Uyum kavramı toplumsal ilişkileri tanımlamak üzere kullanıldığında, bir çatışmasızlık halini ifade ettiği için olumlu içeriğe sahip bir kavram olarak değerlendirilir.
Uyum kavramı toplumsal ilişkileri tanımlamak üzere kullanıldığında, bir çatışmasızlık halini ifade ettiği için olumlu içeriğe sahip bir kavram olarak değerlendirilir. Bu türden bir kavrayış çatışma kavramını doğal olarak olumsuz bir içeriğe büründürür. Bu tutum, uyum kavramının akla gelen ilk tanımına bağlı olarak ortaya çıkar. Bir melodinin farklı notaların uyum içinde olmasından ortaya çıktığı düşüncesi buanlayışa dair basit bir örnektir. Ancak bu anlayış iki farklı tekil şeyin birbirleriyle uyum içinde olmasıyla onların birbirlerine uygun hale getirilmesini birbirine karıştırıyor. Bu, en basit anlamıyla, harmony ve conformi ty kavramları arasındaki anlam farklılığının göz ardı edilmesi demektir. Bu iki kavram arasındaki farklar göz ardı edildiğinde otantik varoluşa içkin iradi tercihler tanınma ve onaylanma süreçlerinin dışına itilmiş olur. Bu nedenle, uyum kavramına mesafeli durmak gerekir. Çünkü; UYUM,
bedenin ve tinin olanca açıklığıyla deneyimlenebilmesini kesintiye uğratmanın,
açıklığın üzerini örtmenin, açıklığı gizlemenin,
bedeni ve tini baskı altına almanın, bedenin tine doğru yayılımını engellemenin,
bedeni ve tini kötürümleştirmenin, bedensel coşkuyu disipline etmenin,
tekil deneyimleri bütün içinde eritmenin,
tekil deneyimlere içkin farklılıkları sapma olarak tanımlamanın,
tekil deneyimlere içkin farklılıkları tarih dışı bir noktaya taşımanın,
tekil deneyimleri bir yere kök salmaya, bir yerde, o yerde, o yerle bir olmaya rıza göstermeye zorlamanın,
tekil deneyimlere içkin rızanın iradi olarak kullanılabilmesine kelepçe vurmanın,
tekil deneyimleri “dışarıdan” “içeriye” girmeye zorlamanın,
tekil deneyimlere içkin çoşkun varoluşu logos, ethos ve nomos aracılığıyla denetim altına almanın aracıdır.

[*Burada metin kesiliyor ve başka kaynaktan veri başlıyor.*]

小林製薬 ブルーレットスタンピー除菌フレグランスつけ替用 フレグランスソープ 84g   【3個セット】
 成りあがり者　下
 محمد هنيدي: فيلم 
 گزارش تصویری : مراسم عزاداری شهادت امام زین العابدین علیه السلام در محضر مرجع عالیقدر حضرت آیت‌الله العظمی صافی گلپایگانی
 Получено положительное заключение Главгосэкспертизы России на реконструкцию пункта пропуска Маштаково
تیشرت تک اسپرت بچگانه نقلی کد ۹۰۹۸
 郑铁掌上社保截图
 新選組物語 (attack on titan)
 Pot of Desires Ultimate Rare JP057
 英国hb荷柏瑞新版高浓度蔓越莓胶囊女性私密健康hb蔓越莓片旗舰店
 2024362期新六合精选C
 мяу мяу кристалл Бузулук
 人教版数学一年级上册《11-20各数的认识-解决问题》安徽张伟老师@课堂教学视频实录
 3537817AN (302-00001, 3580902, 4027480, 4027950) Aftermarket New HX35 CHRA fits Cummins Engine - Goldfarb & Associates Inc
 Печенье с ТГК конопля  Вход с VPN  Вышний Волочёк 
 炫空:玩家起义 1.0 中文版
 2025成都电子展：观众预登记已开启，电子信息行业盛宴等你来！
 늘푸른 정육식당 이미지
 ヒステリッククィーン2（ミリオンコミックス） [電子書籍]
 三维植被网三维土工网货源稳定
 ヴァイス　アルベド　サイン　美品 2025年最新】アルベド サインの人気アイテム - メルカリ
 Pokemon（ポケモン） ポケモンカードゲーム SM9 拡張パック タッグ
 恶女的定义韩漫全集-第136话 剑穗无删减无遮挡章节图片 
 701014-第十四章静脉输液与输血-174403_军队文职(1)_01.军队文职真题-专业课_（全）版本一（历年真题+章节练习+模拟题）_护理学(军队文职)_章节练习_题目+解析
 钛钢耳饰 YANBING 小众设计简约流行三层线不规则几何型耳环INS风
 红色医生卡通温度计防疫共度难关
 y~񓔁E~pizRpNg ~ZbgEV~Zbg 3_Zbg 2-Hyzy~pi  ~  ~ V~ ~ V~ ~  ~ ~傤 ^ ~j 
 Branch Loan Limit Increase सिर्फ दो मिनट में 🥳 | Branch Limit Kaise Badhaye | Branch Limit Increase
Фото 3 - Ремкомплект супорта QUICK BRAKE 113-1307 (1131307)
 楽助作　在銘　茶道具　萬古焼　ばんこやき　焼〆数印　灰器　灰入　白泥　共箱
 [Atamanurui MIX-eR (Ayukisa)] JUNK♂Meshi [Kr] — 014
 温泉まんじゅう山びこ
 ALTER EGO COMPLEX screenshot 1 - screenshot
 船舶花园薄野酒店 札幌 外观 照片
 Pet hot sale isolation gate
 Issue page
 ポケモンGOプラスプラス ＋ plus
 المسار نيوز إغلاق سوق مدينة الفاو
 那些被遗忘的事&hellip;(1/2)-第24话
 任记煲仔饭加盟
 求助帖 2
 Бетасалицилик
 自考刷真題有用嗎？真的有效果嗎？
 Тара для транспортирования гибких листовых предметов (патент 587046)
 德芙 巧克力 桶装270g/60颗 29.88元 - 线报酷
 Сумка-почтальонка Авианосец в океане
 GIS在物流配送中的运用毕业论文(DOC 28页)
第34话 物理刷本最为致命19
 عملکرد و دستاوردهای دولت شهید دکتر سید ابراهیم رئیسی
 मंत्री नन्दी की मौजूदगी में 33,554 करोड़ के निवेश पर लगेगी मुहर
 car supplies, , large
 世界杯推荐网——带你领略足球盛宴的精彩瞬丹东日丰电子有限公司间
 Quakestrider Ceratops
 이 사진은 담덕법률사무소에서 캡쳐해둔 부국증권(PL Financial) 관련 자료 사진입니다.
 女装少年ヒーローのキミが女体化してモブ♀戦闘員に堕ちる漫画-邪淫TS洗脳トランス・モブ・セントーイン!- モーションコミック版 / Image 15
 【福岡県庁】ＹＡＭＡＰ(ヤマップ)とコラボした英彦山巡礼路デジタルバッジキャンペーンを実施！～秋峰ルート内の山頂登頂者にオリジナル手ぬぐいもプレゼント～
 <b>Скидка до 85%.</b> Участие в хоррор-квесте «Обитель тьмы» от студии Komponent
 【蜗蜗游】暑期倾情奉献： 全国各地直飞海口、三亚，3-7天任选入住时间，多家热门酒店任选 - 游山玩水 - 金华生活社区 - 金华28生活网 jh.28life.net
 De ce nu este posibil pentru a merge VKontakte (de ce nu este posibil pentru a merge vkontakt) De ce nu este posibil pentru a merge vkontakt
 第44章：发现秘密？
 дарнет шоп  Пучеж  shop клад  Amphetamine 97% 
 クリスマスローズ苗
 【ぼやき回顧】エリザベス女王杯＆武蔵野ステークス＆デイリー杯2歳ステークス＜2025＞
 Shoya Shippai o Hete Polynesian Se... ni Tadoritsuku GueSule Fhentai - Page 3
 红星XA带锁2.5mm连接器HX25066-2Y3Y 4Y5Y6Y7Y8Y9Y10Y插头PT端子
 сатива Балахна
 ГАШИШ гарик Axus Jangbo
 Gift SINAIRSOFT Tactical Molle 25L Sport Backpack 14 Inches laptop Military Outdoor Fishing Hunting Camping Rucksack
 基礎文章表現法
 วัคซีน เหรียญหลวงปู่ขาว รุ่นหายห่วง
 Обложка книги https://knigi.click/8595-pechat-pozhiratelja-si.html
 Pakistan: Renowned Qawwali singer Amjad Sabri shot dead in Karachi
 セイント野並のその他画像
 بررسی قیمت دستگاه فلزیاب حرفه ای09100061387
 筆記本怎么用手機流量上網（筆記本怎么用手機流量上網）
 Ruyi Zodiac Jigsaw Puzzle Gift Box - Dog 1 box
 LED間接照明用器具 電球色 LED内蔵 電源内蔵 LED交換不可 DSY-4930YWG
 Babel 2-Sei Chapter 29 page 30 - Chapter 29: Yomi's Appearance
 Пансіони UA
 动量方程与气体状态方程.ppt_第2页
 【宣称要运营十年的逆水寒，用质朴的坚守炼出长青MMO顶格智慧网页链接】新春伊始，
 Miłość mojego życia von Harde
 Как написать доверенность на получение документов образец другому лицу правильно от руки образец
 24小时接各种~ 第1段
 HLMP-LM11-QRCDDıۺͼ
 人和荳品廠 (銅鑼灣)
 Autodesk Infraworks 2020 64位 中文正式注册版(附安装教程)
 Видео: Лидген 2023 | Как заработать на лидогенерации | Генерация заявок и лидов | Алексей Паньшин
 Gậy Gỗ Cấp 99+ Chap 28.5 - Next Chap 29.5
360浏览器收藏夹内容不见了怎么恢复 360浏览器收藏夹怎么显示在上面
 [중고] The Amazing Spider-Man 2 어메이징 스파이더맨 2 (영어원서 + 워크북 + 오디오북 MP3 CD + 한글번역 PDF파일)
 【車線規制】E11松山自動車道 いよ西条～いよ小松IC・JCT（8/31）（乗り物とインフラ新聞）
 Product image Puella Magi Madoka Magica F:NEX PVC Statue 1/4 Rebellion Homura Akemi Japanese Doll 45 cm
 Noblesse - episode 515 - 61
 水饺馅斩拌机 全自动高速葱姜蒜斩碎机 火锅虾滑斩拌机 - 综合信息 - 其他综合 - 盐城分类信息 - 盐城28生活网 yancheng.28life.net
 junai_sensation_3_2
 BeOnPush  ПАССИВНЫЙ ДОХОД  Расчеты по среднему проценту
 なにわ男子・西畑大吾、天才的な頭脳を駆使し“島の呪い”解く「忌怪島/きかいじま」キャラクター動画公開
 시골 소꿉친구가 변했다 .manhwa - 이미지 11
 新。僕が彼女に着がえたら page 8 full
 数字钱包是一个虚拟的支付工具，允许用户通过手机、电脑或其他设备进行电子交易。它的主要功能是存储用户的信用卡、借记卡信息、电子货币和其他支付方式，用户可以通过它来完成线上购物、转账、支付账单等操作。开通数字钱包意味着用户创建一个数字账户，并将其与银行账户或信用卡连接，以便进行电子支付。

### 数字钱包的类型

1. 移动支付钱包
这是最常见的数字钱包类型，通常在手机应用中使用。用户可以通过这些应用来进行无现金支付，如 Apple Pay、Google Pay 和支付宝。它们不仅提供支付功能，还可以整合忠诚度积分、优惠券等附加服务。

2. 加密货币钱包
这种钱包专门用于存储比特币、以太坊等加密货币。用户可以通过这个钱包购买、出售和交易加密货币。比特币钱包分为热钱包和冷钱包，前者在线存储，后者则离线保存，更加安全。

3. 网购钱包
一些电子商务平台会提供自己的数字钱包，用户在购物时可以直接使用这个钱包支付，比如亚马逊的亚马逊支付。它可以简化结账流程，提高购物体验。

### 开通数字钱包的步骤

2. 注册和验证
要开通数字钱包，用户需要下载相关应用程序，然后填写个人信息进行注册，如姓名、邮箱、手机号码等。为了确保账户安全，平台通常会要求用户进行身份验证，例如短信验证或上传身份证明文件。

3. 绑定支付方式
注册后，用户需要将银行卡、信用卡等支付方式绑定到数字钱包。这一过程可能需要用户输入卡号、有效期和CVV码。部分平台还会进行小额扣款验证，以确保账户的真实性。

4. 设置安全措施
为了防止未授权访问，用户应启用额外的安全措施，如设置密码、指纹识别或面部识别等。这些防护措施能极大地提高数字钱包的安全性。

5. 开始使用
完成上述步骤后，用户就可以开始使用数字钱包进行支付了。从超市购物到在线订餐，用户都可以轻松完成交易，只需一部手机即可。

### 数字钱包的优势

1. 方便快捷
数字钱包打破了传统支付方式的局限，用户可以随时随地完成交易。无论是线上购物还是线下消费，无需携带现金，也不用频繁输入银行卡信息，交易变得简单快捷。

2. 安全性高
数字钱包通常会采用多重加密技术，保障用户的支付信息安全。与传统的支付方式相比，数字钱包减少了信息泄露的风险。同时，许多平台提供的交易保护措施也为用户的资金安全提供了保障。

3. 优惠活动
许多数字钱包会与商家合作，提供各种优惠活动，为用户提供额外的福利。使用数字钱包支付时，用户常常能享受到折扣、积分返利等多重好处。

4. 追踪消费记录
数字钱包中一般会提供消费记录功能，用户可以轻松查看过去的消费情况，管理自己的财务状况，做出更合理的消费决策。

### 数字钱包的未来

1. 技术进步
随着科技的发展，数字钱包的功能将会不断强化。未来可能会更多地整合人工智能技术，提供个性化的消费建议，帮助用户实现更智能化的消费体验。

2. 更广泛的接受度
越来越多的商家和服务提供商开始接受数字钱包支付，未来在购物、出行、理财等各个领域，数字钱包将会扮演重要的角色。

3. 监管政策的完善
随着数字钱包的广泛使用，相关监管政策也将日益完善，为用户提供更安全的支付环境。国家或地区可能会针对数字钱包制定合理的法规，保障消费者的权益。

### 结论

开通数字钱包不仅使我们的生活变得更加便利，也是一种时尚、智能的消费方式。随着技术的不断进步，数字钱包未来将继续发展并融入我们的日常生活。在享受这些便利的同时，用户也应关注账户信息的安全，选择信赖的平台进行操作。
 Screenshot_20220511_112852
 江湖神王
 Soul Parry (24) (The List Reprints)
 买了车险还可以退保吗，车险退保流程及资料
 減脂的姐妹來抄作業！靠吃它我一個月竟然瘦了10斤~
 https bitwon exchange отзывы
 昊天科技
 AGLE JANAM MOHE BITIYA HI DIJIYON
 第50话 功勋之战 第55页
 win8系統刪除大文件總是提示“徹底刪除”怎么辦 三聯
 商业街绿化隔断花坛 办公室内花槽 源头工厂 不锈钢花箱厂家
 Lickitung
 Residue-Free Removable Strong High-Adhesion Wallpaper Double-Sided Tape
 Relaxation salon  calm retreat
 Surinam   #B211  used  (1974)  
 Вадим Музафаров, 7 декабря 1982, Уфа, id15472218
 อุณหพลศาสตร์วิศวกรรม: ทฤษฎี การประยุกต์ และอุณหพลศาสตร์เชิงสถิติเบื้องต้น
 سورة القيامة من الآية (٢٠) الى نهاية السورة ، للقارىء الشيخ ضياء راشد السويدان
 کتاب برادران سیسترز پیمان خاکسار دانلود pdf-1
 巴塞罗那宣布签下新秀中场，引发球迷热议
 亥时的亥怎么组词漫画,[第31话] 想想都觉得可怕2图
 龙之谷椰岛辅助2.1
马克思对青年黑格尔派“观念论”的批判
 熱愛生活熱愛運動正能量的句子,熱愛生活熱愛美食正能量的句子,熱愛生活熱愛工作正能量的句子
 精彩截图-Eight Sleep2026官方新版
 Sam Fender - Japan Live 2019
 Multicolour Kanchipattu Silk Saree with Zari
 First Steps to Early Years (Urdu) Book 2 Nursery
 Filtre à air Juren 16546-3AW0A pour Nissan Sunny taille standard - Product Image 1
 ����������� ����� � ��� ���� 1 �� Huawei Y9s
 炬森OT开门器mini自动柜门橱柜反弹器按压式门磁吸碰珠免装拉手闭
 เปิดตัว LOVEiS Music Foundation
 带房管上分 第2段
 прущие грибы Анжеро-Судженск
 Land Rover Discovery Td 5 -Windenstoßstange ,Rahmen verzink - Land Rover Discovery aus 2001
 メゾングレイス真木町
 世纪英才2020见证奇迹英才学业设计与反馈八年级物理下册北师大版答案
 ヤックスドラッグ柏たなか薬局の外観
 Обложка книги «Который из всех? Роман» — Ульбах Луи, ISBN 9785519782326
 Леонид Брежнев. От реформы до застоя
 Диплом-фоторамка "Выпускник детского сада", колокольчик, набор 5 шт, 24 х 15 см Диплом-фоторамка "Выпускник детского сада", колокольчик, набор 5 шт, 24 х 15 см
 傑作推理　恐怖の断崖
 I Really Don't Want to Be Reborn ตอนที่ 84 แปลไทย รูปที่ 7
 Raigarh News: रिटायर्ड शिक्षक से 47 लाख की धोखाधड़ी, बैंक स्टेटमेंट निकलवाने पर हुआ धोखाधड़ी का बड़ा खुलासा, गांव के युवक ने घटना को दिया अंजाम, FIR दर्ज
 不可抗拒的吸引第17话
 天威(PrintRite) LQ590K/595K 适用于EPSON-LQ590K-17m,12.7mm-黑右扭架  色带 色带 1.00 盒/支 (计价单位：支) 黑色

Diyeceğim o ki, dışarıda kalma içeriye alınmaya karşı varoluşsal bir çabadır. İnsanın tekil tarihi her türlü fethe karşı dışarıda kalma çabasının tarihidir. Her tekil irade kendini içeriye uyum sağlayarak değil, içeriye rağmen dışta kalmaya çabalayarak görünür kılabilir. Yaşam pratiğimiz, aynı zamanda, otantik varoluşumuzu açığa çıkarır. Uyum farklı deneyim biçimlerinin tek bir rasyonaliteye indirgenmesi anlamına gelir. Daha fazlasına değil. Oysa varoluş olumsallıklar yumağıdır. Varoluşu uyum kavramına sığdırma çabası onu tekdüze bir hale getirmekten başka bir anlam taşımaz. Bu nedenle, ethos, logos ve nomos birbiriyle uyum içinde olanlara göre değil tam aksine uyumsuzları tanıyacak ve onaylayacak biçimde yeniden ele alınmalıdır.